Outre son talent musical, une partie du succès de Haynes peut sûrement être attribuée au fait qu'il a mené une vie disciplinée et sans drogue. Et certains pourraient être dus au fait qu’il avait une silhouette magnétique et imposante, avec des vêtements élégants et des automobiles pointues. (Un article de 1960 de George Frazier dans Esquire Magazine le classait comme l'un des hommes les mieux habillés de cette année-là, aux côtés de Dean Acheson, Clark Gable et Douglas Fairbanks, Jr. ; il notait sa préférence pour les costumes sur mesure de la boutique Andover. à Cambridge, Massachusetts, ses intérêts se tourneront vers les vestes en satin, les pantalons gauchos avec boutons latéraux et les chapeaux de cowboy.)

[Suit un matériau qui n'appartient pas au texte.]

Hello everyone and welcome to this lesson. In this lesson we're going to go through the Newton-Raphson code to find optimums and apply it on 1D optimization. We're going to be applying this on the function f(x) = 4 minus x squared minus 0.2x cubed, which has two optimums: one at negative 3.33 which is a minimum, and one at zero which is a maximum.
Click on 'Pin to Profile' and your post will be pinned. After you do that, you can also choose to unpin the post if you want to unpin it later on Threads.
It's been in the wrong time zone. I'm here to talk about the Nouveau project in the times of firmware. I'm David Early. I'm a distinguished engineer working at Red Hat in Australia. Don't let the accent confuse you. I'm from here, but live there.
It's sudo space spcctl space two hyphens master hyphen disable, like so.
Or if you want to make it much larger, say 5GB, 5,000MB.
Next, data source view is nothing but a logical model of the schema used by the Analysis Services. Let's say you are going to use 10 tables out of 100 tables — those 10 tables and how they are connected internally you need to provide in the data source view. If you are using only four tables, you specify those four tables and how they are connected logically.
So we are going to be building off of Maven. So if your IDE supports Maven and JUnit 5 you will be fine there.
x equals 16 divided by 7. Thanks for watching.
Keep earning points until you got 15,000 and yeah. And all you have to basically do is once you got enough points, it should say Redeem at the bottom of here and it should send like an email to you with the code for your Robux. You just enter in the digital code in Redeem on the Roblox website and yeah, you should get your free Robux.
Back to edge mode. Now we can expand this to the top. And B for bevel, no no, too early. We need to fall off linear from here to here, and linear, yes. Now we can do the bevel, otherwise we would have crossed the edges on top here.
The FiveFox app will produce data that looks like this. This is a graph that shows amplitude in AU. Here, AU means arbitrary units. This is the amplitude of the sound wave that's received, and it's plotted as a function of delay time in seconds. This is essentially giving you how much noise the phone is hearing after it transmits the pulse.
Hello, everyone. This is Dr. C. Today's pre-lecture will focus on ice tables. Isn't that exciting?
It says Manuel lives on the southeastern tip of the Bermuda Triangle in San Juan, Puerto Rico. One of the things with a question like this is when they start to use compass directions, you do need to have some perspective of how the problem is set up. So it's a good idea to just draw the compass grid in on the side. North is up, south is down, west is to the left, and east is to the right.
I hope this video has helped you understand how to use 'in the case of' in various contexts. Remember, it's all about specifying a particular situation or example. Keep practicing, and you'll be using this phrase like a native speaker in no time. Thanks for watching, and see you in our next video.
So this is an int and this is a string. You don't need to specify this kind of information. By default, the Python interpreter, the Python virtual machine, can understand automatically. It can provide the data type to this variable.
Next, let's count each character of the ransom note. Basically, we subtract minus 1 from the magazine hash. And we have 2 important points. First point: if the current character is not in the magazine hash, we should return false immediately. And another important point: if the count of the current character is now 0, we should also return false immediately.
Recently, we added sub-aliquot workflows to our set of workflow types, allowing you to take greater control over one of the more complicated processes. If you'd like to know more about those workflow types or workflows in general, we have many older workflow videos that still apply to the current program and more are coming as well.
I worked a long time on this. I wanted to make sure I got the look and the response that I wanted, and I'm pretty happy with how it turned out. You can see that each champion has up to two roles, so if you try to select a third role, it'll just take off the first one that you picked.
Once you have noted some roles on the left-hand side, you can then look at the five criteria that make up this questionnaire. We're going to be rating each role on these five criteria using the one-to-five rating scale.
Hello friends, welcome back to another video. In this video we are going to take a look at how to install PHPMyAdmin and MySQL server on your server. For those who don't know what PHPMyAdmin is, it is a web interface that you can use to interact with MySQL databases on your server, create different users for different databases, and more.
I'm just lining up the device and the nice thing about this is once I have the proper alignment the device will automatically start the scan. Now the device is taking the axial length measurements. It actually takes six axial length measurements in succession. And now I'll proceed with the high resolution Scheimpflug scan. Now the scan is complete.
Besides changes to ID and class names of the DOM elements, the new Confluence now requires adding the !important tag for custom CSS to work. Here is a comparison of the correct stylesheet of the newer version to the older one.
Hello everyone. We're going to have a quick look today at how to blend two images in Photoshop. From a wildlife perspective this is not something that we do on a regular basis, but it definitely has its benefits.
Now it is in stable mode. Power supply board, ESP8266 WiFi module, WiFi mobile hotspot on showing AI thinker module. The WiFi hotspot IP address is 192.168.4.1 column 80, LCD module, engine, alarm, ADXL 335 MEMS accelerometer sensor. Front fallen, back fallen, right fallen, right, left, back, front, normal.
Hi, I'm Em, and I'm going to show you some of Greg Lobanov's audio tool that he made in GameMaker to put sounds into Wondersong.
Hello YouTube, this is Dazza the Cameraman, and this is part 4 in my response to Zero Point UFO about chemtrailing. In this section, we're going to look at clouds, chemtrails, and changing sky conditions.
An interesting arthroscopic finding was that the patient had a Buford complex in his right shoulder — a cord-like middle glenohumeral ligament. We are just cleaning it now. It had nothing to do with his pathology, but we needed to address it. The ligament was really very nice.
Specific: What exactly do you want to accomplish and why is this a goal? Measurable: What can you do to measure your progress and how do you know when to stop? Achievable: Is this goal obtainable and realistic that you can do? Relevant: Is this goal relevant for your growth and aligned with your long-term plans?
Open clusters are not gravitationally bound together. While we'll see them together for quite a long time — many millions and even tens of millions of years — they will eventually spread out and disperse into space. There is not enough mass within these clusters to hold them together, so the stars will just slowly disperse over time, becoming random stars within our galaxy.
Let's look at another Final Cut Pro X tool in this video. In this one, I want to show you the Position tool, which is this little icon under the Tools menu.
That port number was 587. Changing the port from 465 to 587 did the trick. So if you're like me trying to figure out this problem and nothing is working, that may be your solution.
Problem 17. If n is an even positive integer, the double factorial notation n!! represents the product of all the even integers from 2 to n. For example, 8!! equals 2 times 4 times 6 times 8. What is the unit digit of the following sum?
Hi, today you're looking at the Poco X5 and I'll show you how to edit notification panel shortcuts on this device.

Haynes pouvait jouer avec une vitesse, un volume, une dislocation rythmique ou une délicatesse extrêmes, mais les extrêmes n'étaient pas pertinents dans son son intégré. John Coltrane, avec qui il a travaillé de temps à autre au début des années 1960, notamment sur les albums « Impressions » et « Newport '63 », a décrit la présence sonore de Haynes avec son groupe comme « une diffusion, une pénétration ». Charles Mingus a un jour parlé à Haynes de son style : « vous ne jouez pas toujours le rythme, vous suggérez le rythme ». S'il jouait dans votre section rythmique, vous ne receviez pas seulement un soutien et une base fiables ; vous collaboriez avec l’un des styles de jazz les plus prononcés, alertes et vifs d’argent.
« Quel que soit celui avec qui je jouais », a-t-il déclaré, « je pense qu'ils me voulaient probablement pour ce que j'essayais de faire. »
Le directeur éditorial du WRTI, Nate Chinen, a contribué à cette histoire.